Authorities in Texas have so far found no link between a deadly fertilizer plant explosion last spring and a charge of possession of a prohibited weapon filed against a paramedic who responded to that blast.

A fire at West Fertilizer Company on April 17 led to the ammonium nitrate explosion, which killed 15 people -- most of them firefighters and paramedics -- and devastated West, a small town south of Dallas.

The blast showed up on seismographs as a small earthquake and flattened or damaged dozens of homes, two schools and a nursing home nearby.

Texas fertilizer plant fell through 'patchwork' of safety rules

Later, Bryce Reed, who was one of the emergency workers who responded to the explosion, was charged with having possessed materials for a pipe bomb.

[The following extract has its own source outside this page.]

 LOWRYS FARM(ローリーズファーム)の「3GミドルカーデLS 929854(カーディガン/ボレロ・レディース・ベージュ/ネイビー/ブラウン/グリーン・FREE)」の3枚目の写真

"Based on the information I have reviewed thus far," Abel Reyna, McLennan County criminal district attorney said in a statement Tuesday, "I have not seen any credible evidence linking Bryce Reed's alleged possession of a prohibited weapon to the fire and subsequent explosion at the West Fertilizer Plant."

Reyna said the Texas Rangers performed a "thorough investigation regarding Mr. Reed's alleged possession of a prohibited weapon" and passed along reports and material to him.

"However, I still have additional material to review," he said.